Write out the listing below exactly, and omit any images you find in it.

**DATA**

+ + + + + + +

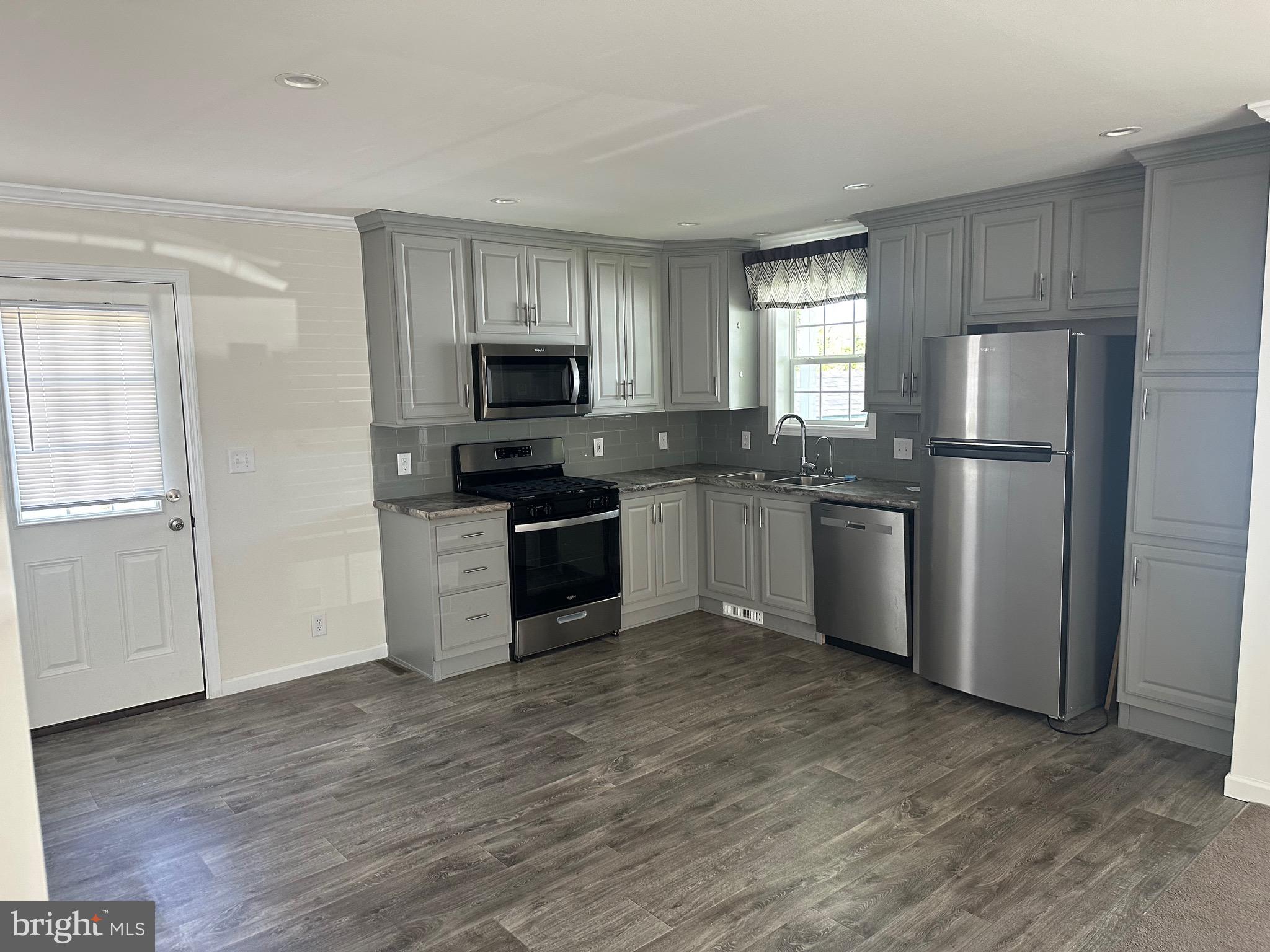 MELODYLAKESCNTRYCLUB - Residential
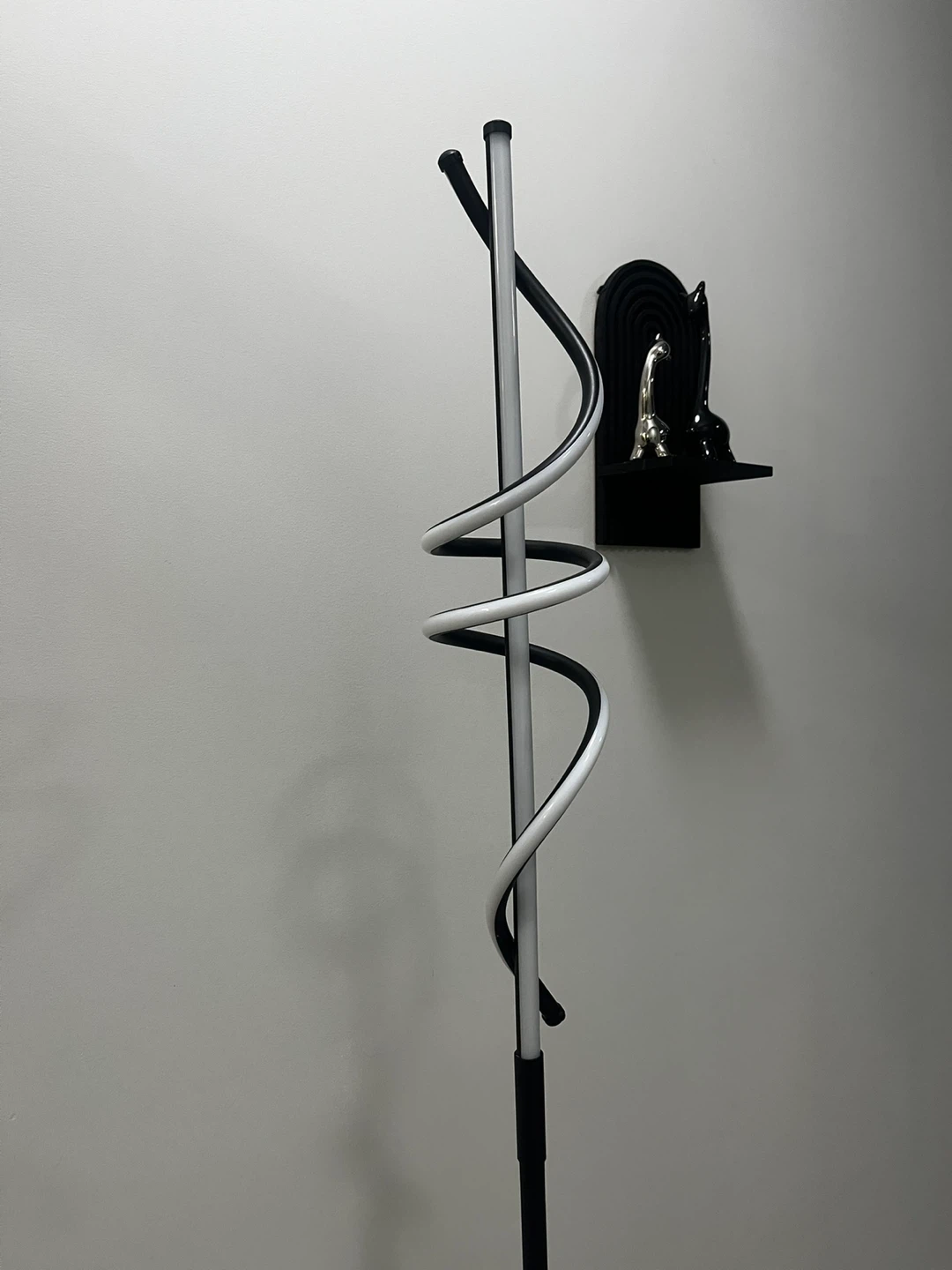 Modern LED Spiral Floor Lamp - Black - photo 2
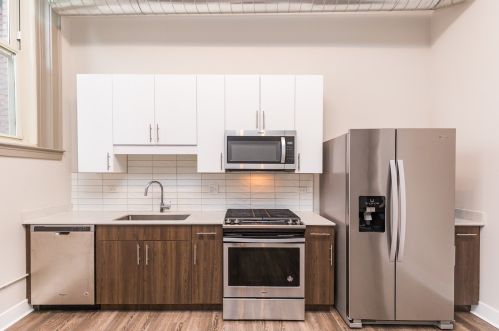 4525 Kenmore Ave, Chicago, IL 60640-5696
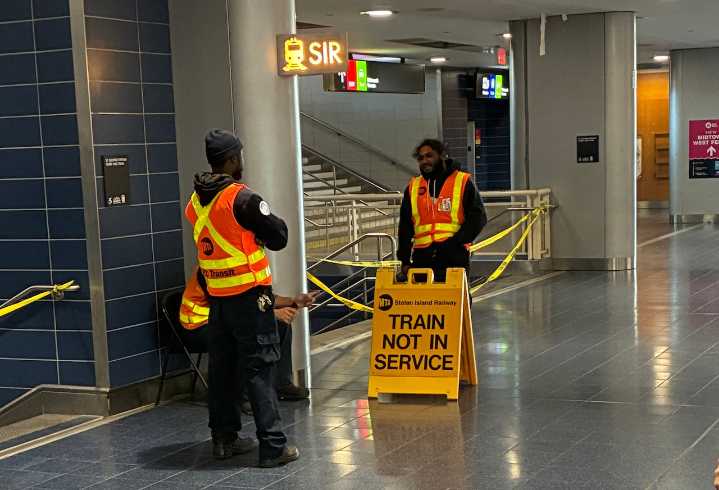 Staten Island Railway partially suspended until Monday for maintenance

+ + + + + + +

**FINAL ANSWER**
 MELODYLAKESCNTRYCLUB - Residential
 Modern LED Spiral Floor Lamp - Black - photo 2
 4525 Kenmore Ave, Chicago, IL 60640-5696
 Staten Island Railway partially suspended until Monday for maintenance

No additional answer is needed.